Work to complete
What you output must match, exactly, the lines from the start of the records to the line containing "Ducks – Original Pen and Ink", both ends kept and pictures excluded.

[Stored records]
- - - - - - -

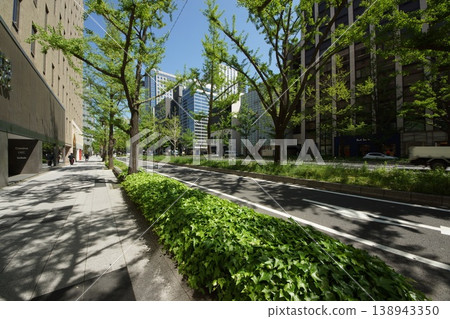 綠意盎然的御堂筋街景 綠意盎然的御堂筋街景 138943350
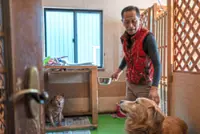 Ex-Fukushima worker’s life of pets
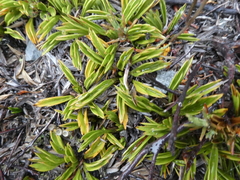 Aciphylla monroi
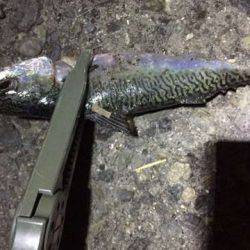 豆アジングで中サバ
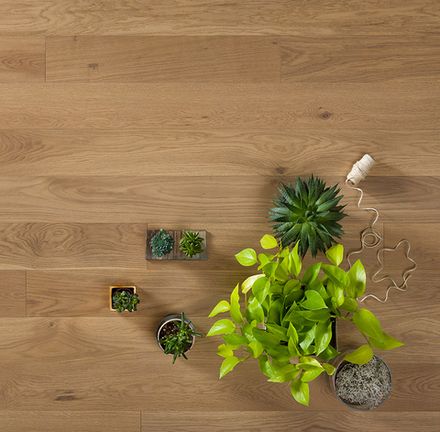 Инженерный паркет Coswick Дуб Сиена Натуральная (Raw Sienna) Шелковое масло ультраматовое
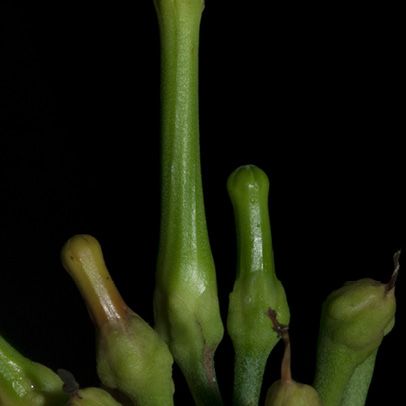 Tabernaemontana crassa Flower buds.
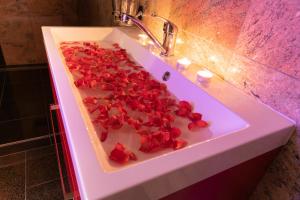 Φωτογραφία από το άλμπουμ του Romantický wellness suite hotel Heinz σε Dobris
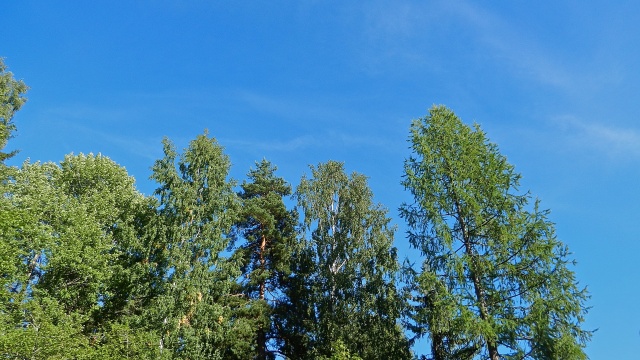 DSCN4005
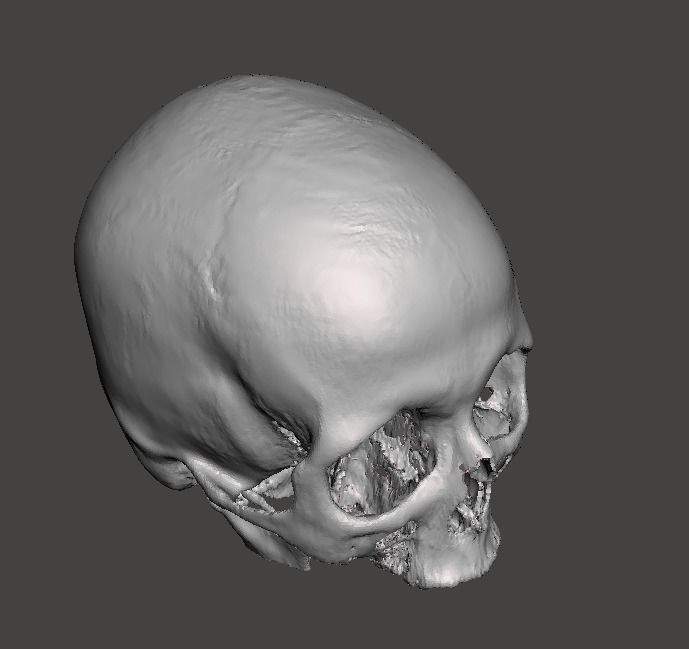 Skull female - age 78 Free 3D model_7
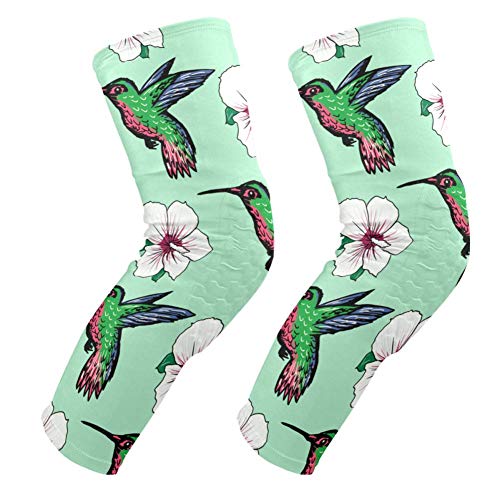 Genouillères rembourrées anti-chocs colibri floral pour sportifs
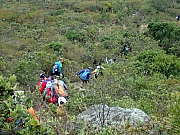 P2190063.JPG (595025 bytes)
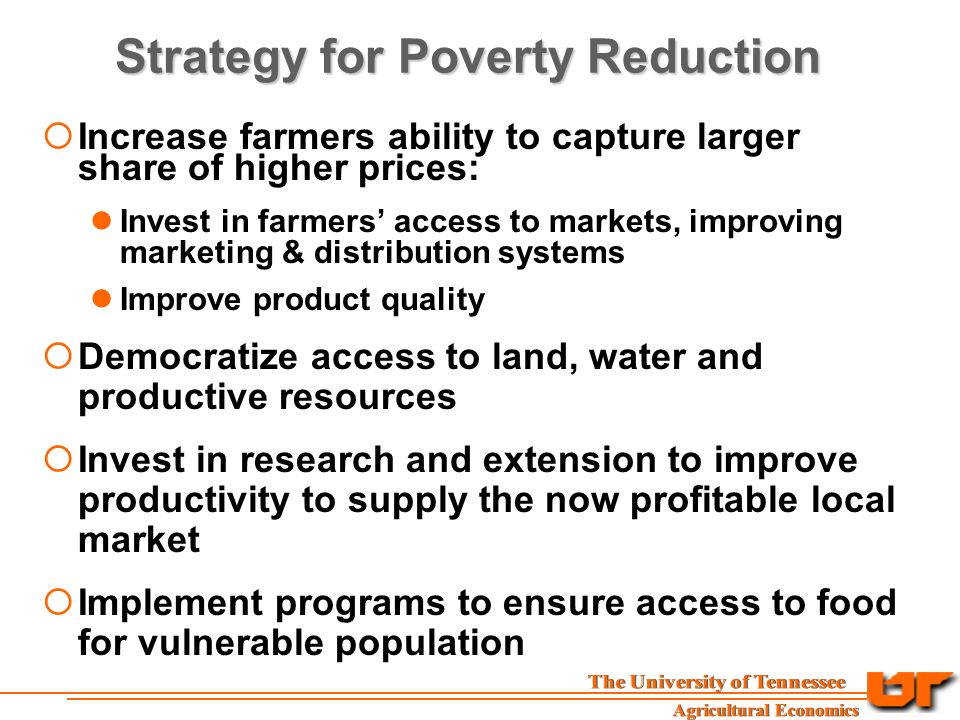 Strategy for Poverty Reduction  Increase farmers ability to capture larger share of higher prices: Invest in farmers’ access to markets, improving marketing & distribution systems Improve product quality  Democratize access to land, water and productive resources  Invest in research and extension to improve productivity to supply the now profitable local market  Implement programs to ensure access to food for vulnerable population
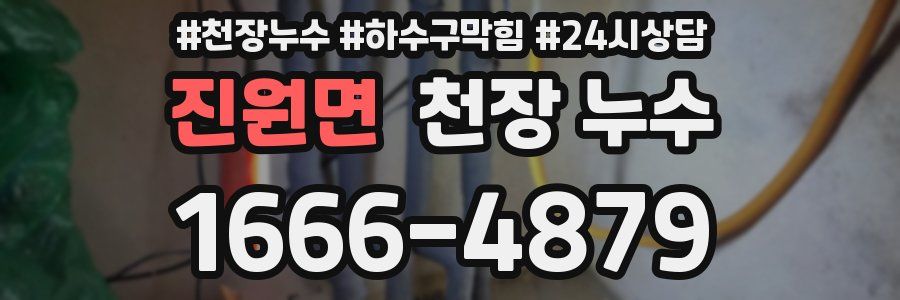 진원면 천장 누수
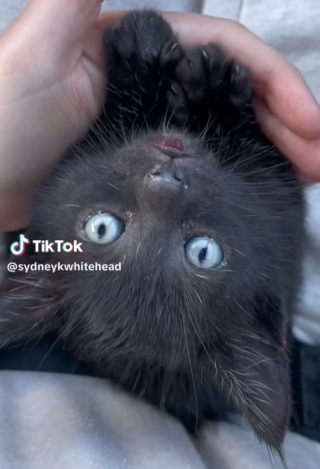 Illustration de l'article : Abandonné sur une autoroute fréquentée, un petit chaton reçoit l’aide providentielle d’un homme héroïque (vidéo)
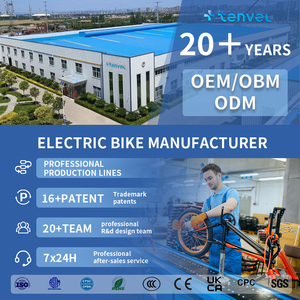 16 pollici bellissimo acciaio elettrico città bicicletta fabbrica di lancio più recente 36V batteria al litio pieghevole EBike sensore elettronico - Product Image 6
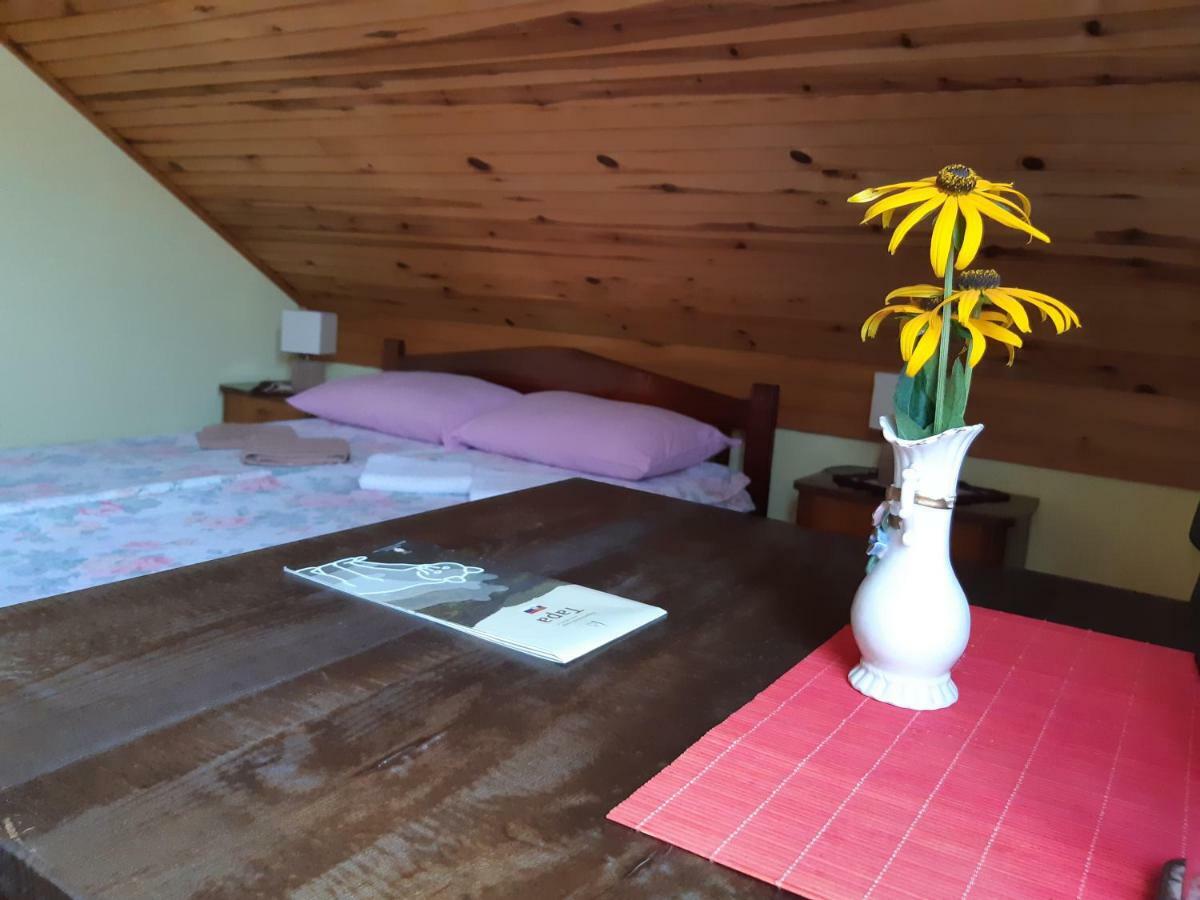 Putnicka Kuca Kod Dragane Hotel Bajina Basta Exterior foto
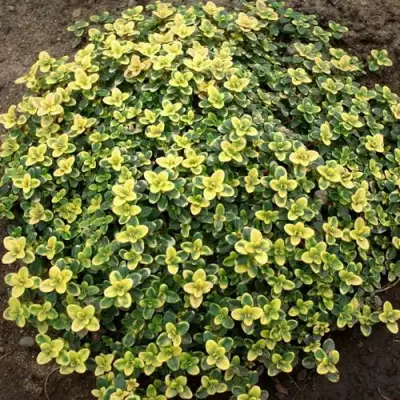 Тимьян ДОННА ВАЛЕЙ лимоннопахнущий в Кобрине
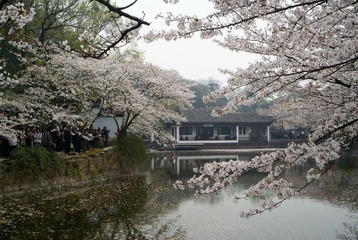 DSC08515.JPG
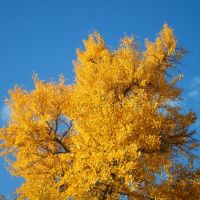 Herbst.JPG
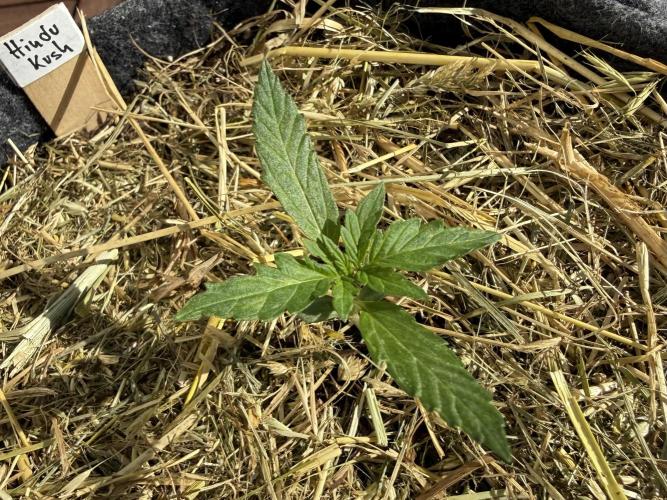 Hindu Kush Automatic. Week 2
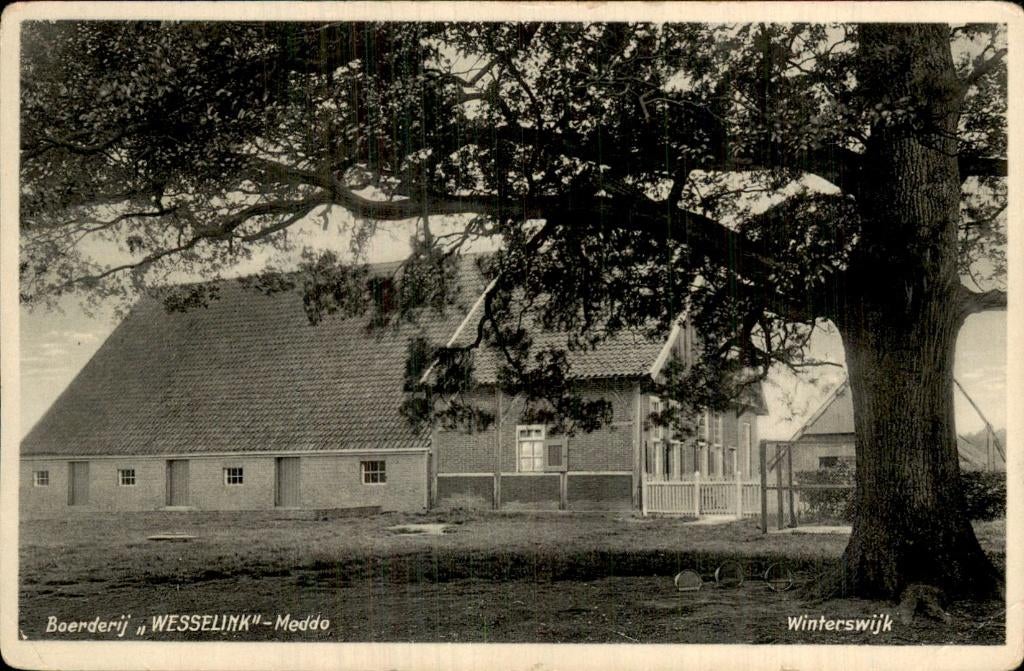 Meddo - Boerderij WESSELINK - Winterswijk, Ophalen of Verzenden, 1920 tot 1940, Ongelopen, Gelderland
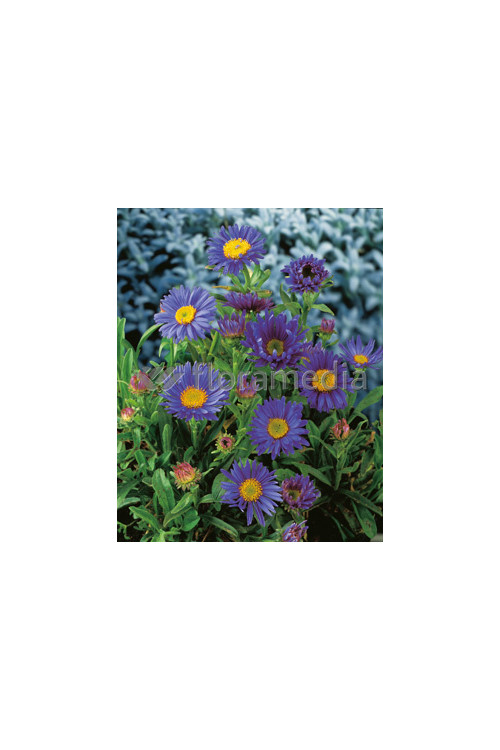 Aster alpejski 'Goliath' Aster alpinus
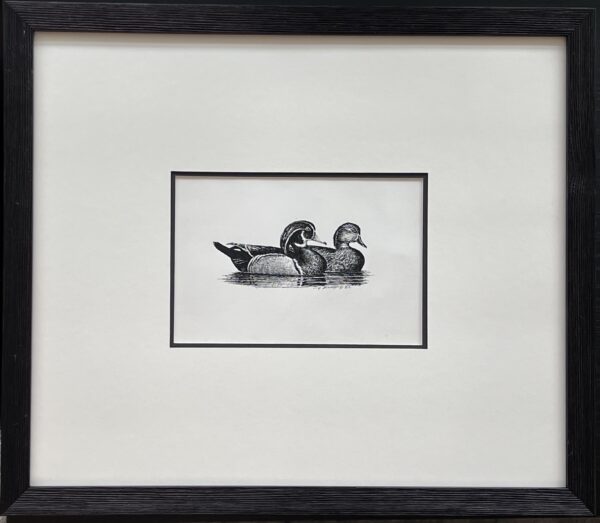 Ducks – Original Pen and Ink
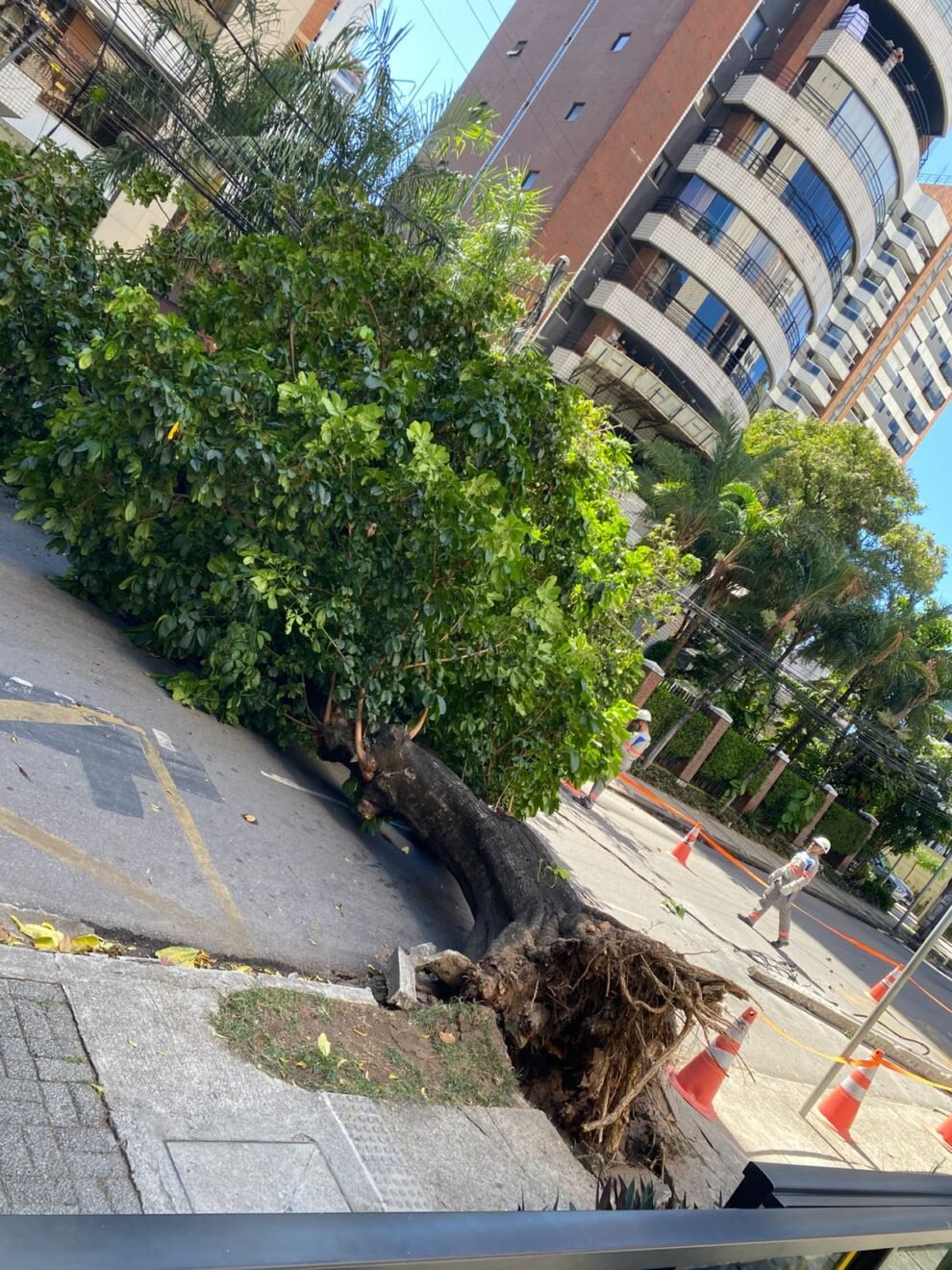 arvore-centenaria-cai-e-derruba-poste-em-rua-de-fortaleza;-nao-houve-feridos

- - - - - - -

Response to the task
 綠意盎然的御堂筋街景 綠意盎然的御堂筋街景 138943350
 Ex-Fukushima worker’s life of pets
 Aciphylla monroi
 豆アジングで中サバ
 Инженерный паркет Coswick Дуб Сиена Натуральная (Raw Sienna) Шелковое масло ультраматовое
 Tabernaemontana crassa Flower buds.
 Φωτογραφία από το άλμπουμ του Romantický wellness suite hotel Heinz σε Dobris
 DSCN4005
 Skull female - age 78 Free 3D model_7
 Genouillères rembourrées anti-chocs colibri floral pour sportifs
 P2190063.JPG (595025 bytes)
 Strategy for Poverty Reduction  Increase farmers ability to capture larger share of higher prices: Invest in farmers’ access to markets, improving marketing & distribution systems Improve product quality  Democratize access to land, water and productive resources  Invest in research and extension to improve productivity to supply the now profitable local market  Implement programs to ensure access to food for vulnerable population
 진원면 천장 누수
 Illustration de l'article : Abandonné sur une autoroute fréquentée, un petit chaton reçoit l’aide providentielle d’un homme héroïque (vidéo)
 16 pollici bellissimo acciaio elettrico città bicicletta fabbrica di lancio più recente 36V batteria al litio pieghevole EBike sensore elettronico - Product Image 6
 Putnicka Kuca Kod Dragane Hotel Bajina Basta Exterior foto
 Тимьян ДОННА ВАЛЕЙ лимоннопахнущий в Кобрине
 DSC08515.JPG
 Herbst.JPG
 Hindu Kush Automatic. Week 2
 Meddo - Boerderij WESSELINK - Winterswijk, Ophalen of Verzenden, 1920 tot 1940, Ongelopen, Gelderland
 Aster alpejski 'Goliath' Aster alpinus
 Ducks – Original Pen and Ink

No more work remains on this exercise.